Thursday, September 30, 2010

Love and Arranged Marriage: back off Hollywood, Bollywood does it better

Toh Baat Pakki? Damn straight... Because I Said So!

Who said marrying off your youngest daughter to the first eligible suitor was just a Bollywood hobby restricted to strict (for some reason always Punjabi) fathers and helpless (often ill/widowed) mothers?

The other day, on a night I really should have bothered to go out, I was flicking channels while home alone and came across, Because I Said So (2007), a movie of the out-on-DVD-in-two-weeks variety starring Diane Keaton, Mandy Moore, and no one else I care to remember.

Now, normally the thought of spending 90+ minutes watching Diane Keaton don the same white palazzo pants suit she has over the last 30 years (seeing her in a dress in The Godfather seriously destablised my chakras) would have been enough to keep right on flicking, but the plot line seemed much too retro-Bollywood to pass up.

Moore, Graham, Keaton, Parabon
Because I Said So (2007)
Image: http://movies.nytimes.com/2007/02/02/movies/02beca.html
Unbeknownst to her youngest daughter, Milly (Moore), Daphne Wilder (Keaton) takes out a personals ad to find her a husband.
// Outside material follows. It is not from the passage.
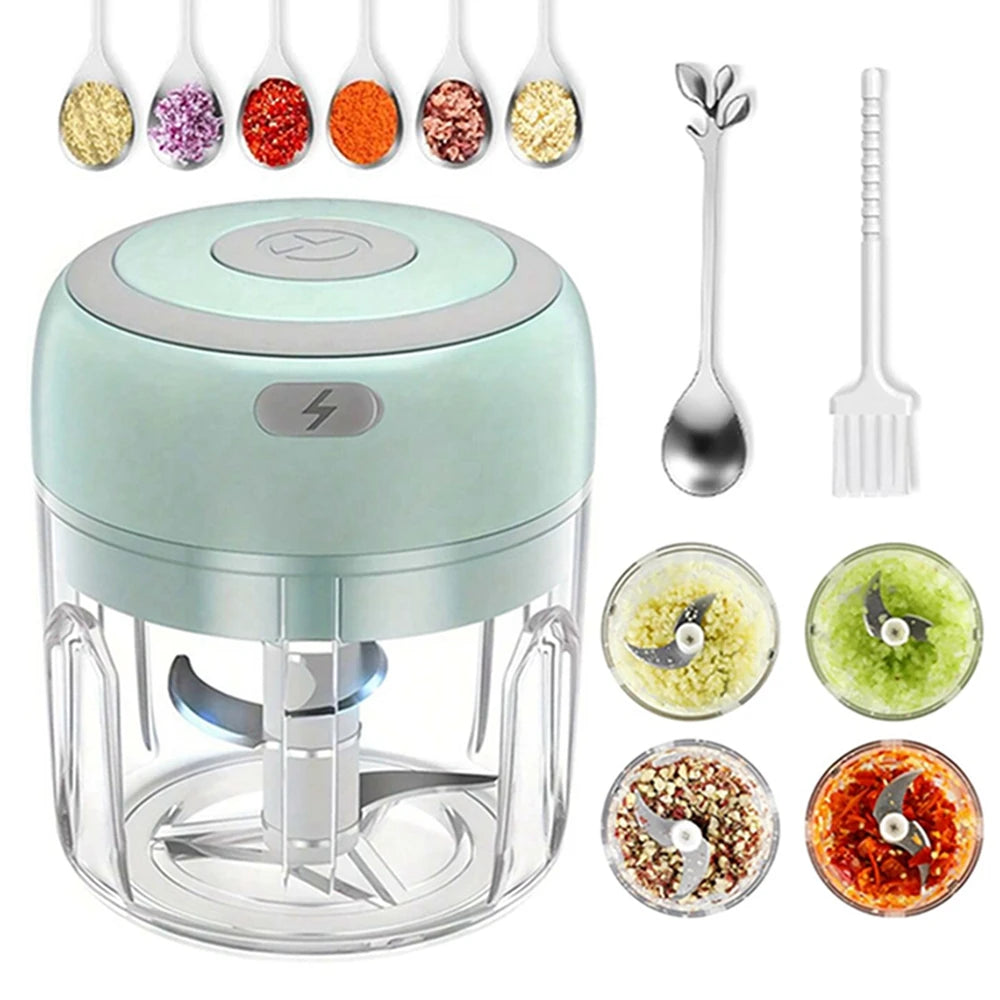 Wireless USB Rechargeable Mini Electric Garlic Chopper & Food Processor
She finds not one, but two potentials. Yes, you heard right--old school, arranged marriage tactics.

We aren't entirely sure what compelled Daphne to do so other than her own assessment that Milly was on the path to spinsterhood because of her current lack of boyfriend, and that, in a nation where 50% of marriages end in divorce, her own failed marriage somehow left Milly deeply emotionally scarred (she overlooks the fact that her two older daughters seemed to have come out OK, and yes, miraculously were able to get married).
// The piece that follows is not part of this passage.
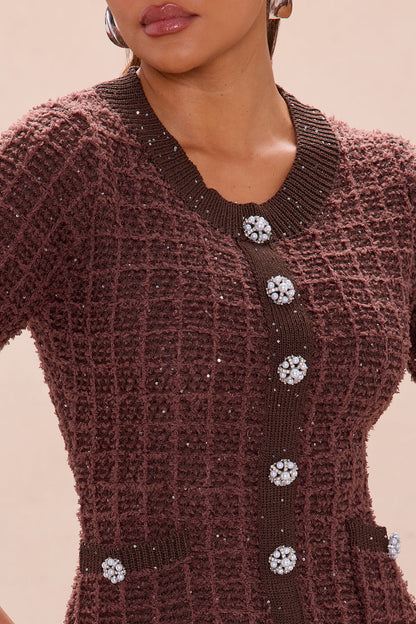 As If A Line Embellished Tweed Mini Dress - Chocolate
Milly displays no obvious or subtle personality disorders. Being in her 20s she is certainly not over the hill, is generally cheerful, and the sole neuroses she seems to have to deal with on a regular basis come from the general direction of her mother. I leave you to fill in the blanks but a few misunderstandings, an ick-worthy scene between mother and three daughters trading orgasm experiences, and a wedding later, the movie ends.
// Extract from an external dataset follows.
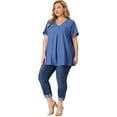 thumbnail image 3 of GRACE & GRANDEUR Blouse pour Femme Grande Taille Décontractée à Col en V à Manches Courtes en Chambray, 3 of 5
Needless to say, I was unimpressed. Not only did I have to sit through the white palazzo pants suit, a movie about arranged marriages without mehendi songs, red saris, embroidered lehengas, and an evil (or nice) saas just didn't cut it.

But before I could write to the Barjatyas and demand an updated Rajshri version, I got my hands on Toh Baat Pakki!

Tabu and Yuvika Chaudhry
Toh Baat Pakki! (2010)
Image: http://movies.sulekha.com/hindi/toh-baat-pakki/pictures/12.htm
The Bollywood remake is built around the same plot with the exception that Rajeshwari Saxena (Tabu), a happily married yet somewhat dominating woman, is a small-town middle-class housewife from Palanpur trying to find a suitable husband for her younger sister, Nisha (Yuvika Chaudhry).

As far as knock-offs go, it fares much better than the original. It's a simple, feel good comedy. The dialogue is refreshing, not least because the characters actually bother to speak Hindi (been a long time since I heard it in a Bollywood film) and the costumes are a treat for the eyes (they actually wear Indian clothes). Best of all, there are no cringeworthy orgasm scenes. Typical for a Hindi movie, the ending does stretch and some of the situations are taken too far, but all in all, this film reminds us of simpler times with a wedding thrown in. You get your horse, groom, mandap, and bride to boot.

Sorry Hollywood, when it comes to arranged marriages, Bollywood's got you beat.